But hogging the camera throughout the year was another notable character: charter school scandals.
In 2014, charter schools, which had always been marketed for a legendary ability to deliver promising new innovations for education, became known primarily for their ability to concoct innovative new scams.
From Local Stories To National Scandal
Troubling news stories about the financial workings of charter schools had been leaking slowly into the media stream for some years.
A story that appeared at Forbes in late 2013 foretold a lot of what would emerge in 2014. That post "Charter School Gravy Train Runs Express To Fat City" brought to light for the first time in a mainstream source the financial rewards that were being mined from charter schools. As author Addison Wiggin explained, a mixture of tax incentives, government programs, and Wall St. investors eager to make money were coming together to deliver a charter school bonanza - especially if the charter operation could "escape scrutiny" behind the veil of being privately held or if the charter operation could mix its business in "with other ventures that have nothing to do with education."

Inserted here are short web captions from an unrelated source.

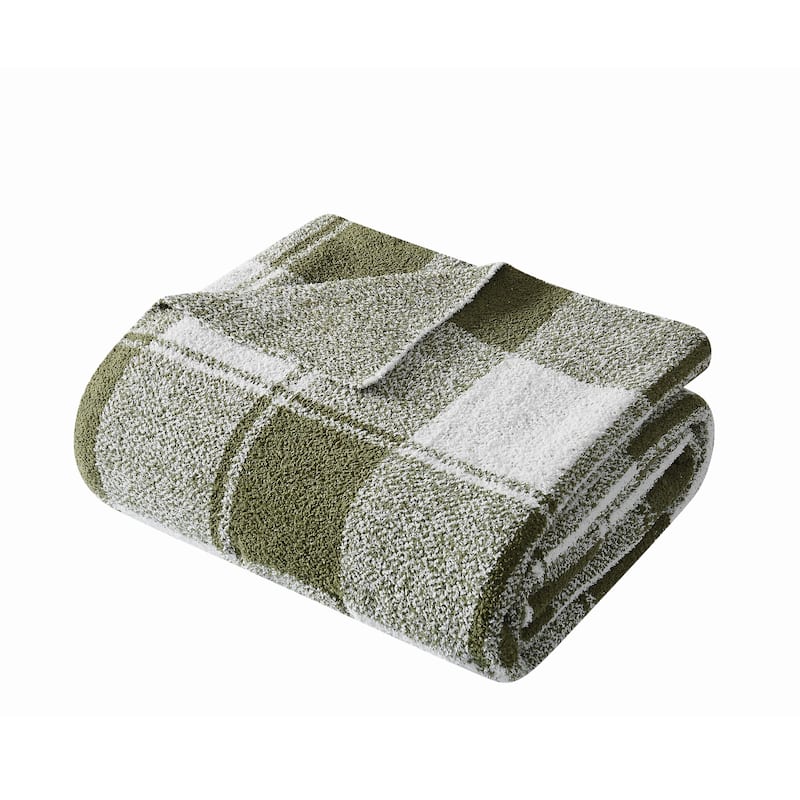 Brooklyn Loom Dusted Plaid 50x70 Throw - Green
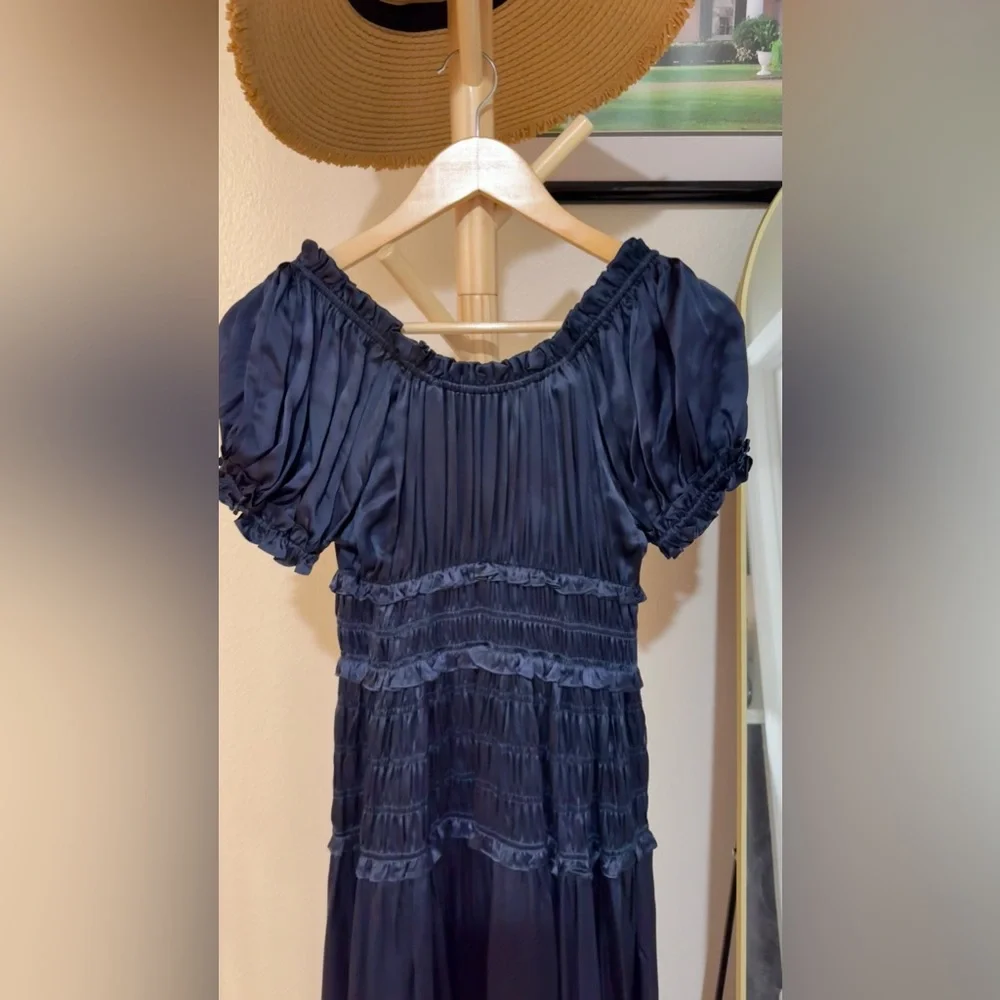 Doen Navy Blue Satin Midi Dress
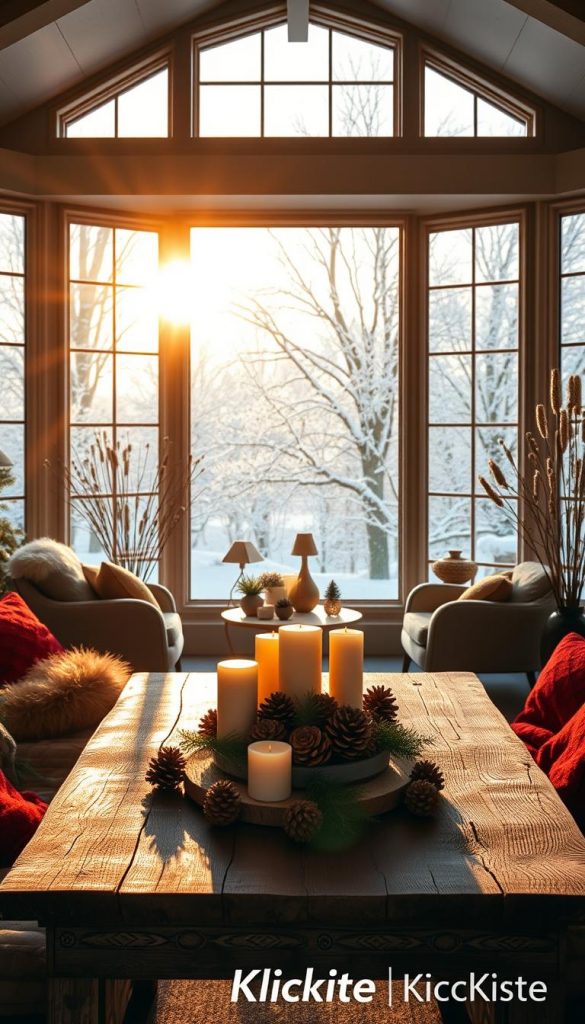 A cozy room with large, elegantly framed windows allowing warm winter sunlight to stream in, creating a soft golden glow. In the foreground, a rustic wooden table displays a centerpiece of pinecones and candles, surrounded by plush textiles in deep reds and earthy browns, evoking a comfortable and inviting atmosphere. The middle ground features a well-arranged seating area with chic, minimalist furniture, adorned with seasonal decorations that emphasize natural elements, such as dried flowers and greenery. The background showcases majestic snow-covered trees outside the window, adding a touch of winter magic. The overall composition should reflect a harmonious balance of light and shadow, capturing the spirit of warmth and serenity. Style resembles authentic DIY inspirations with a Pinterest aesthetic, branded subtly with "KlickKiste."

As 2014 began, more stories about charter schools scandals continued to drip out from local press outlets - a chain of charter schools teaching creationism, a charter school closing abruptly for mysterious reasons, a charter high school operating as a for-profit "basketball factory," recruiting players from around the world while delivering a sub-par education.
Here and there, stories emerged: a charter school trying to open up inside the walls of a gated community while a closed one continued to get over $2 million in taxpayer funds. Stories about charter operators being found guilty of embezzling thousands of taxpayer dollars turned into other stories about operators stealing even more thousands of dollars, which turned into even more stories about operators stealing over a million dollars.
While some charter schools schemed to steer huge percentages of their money away from instruction toward management salaries and property leases (to firms connected to the charter owners, of course), others worked the system to make sure fewer students with special needs were in their classrooms.
Then the steady drip-drip from local news sources turned into a fire hose in May when a blockbuster report released by Integrity in Education and the Center for Popular Democracy revealed, "Fraudulent charter operators in 15 states are responsible for losing, misusing, or wasting over $100 million in taxpayer money."
The report, "Charter School Vulnerabilities to Waste, Fraud And Abuse," combed through news stories, criminal records, and other documents to find hundreds of cases of charter school operators embezzling funds, using tax dollars to illegally support other, non-educational businesses, taking public dollars for services they didn't provide, inflating their enrollment numbers to boost revenues, and putting children in potential danger by foregoing safety regulations or withholding services.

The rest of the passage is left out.